▶ [Given data]:

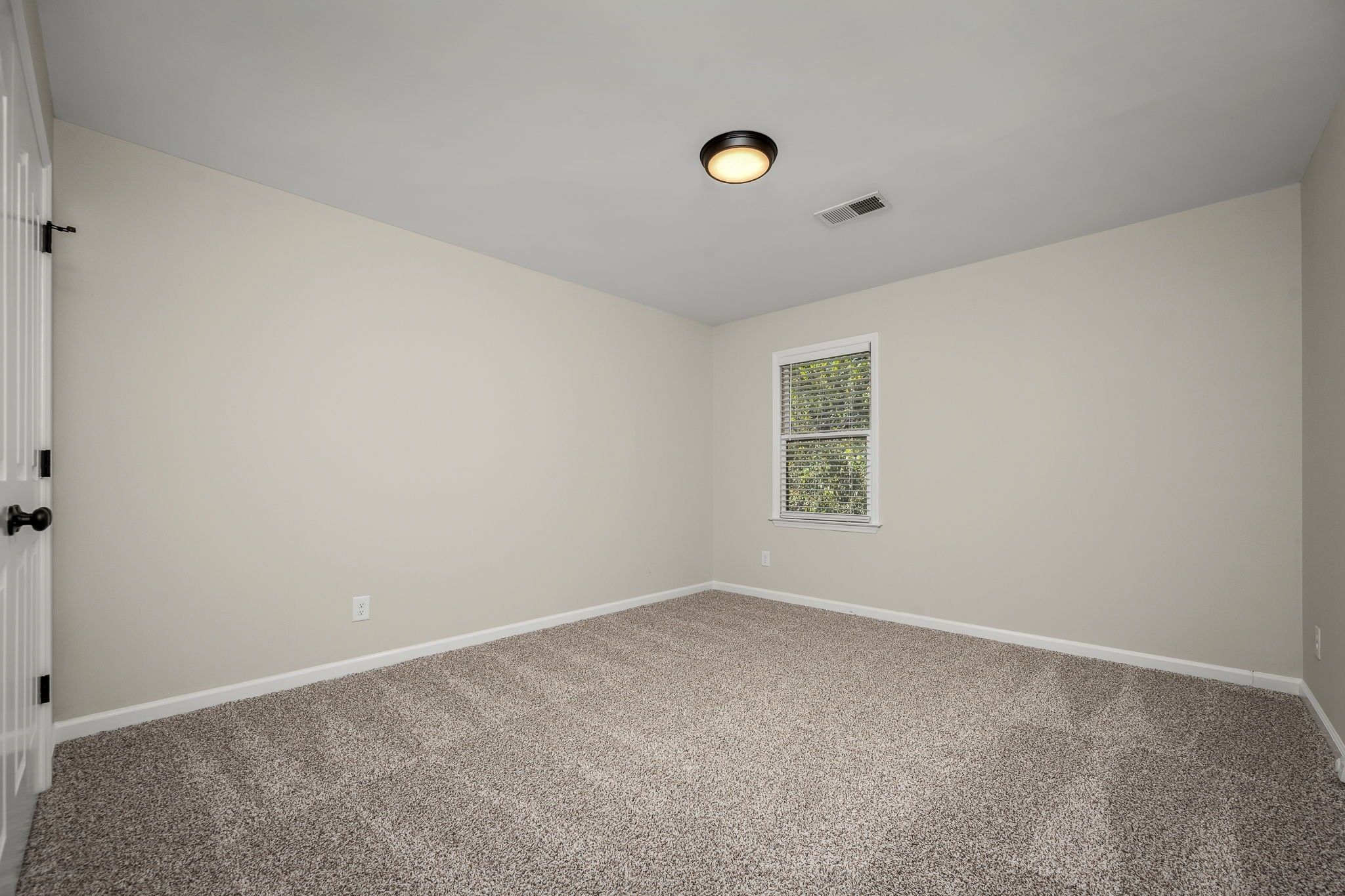 2923 Regenwood Drive Murfreesboro, TN 37129 - Photo 19 of 34 an empty room with a window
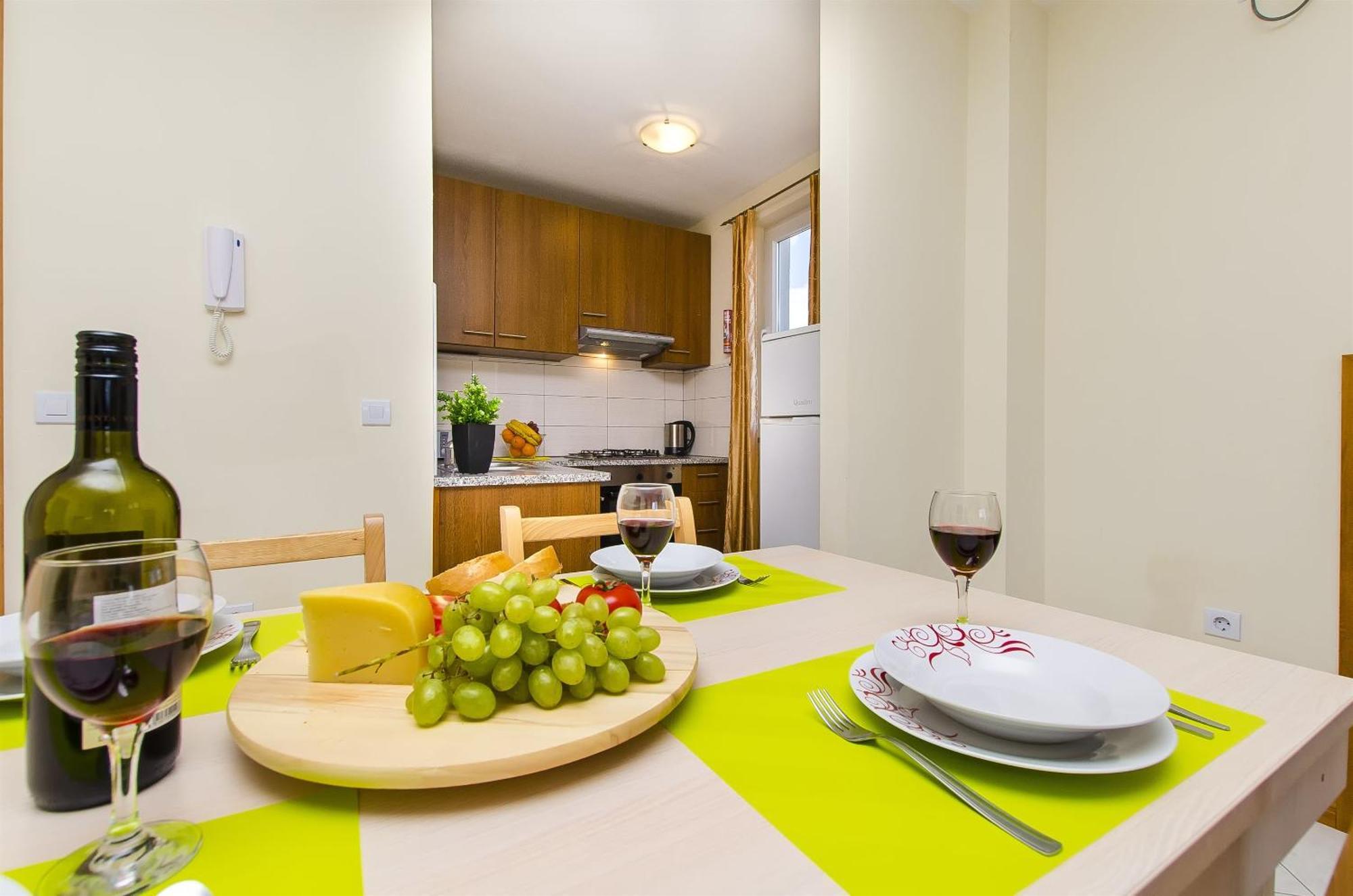 Apartments Glavan 普利拉卡 外观 照片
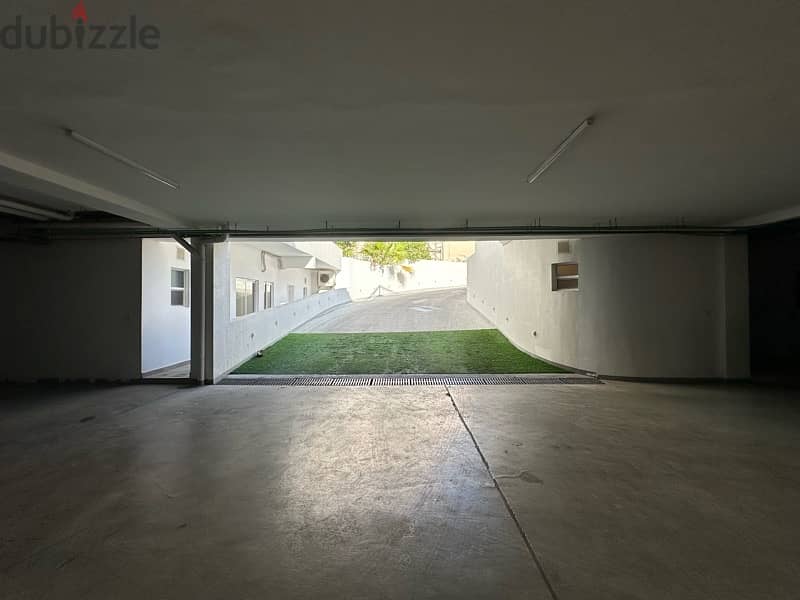 4+1 BD |  Modern | Small compound 13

▶ [The task]:
All of the data gets printed again exactly; the pictures do not.

▶ [Response area]:
 2923 Regenwood Drive Murfreesboro, TN 37129 - Photo 19 of 34 an empty room with a window
 Apartments Glavan 普利拉卡 外观 照片
 4+1 BD |  Modern | Small compound 13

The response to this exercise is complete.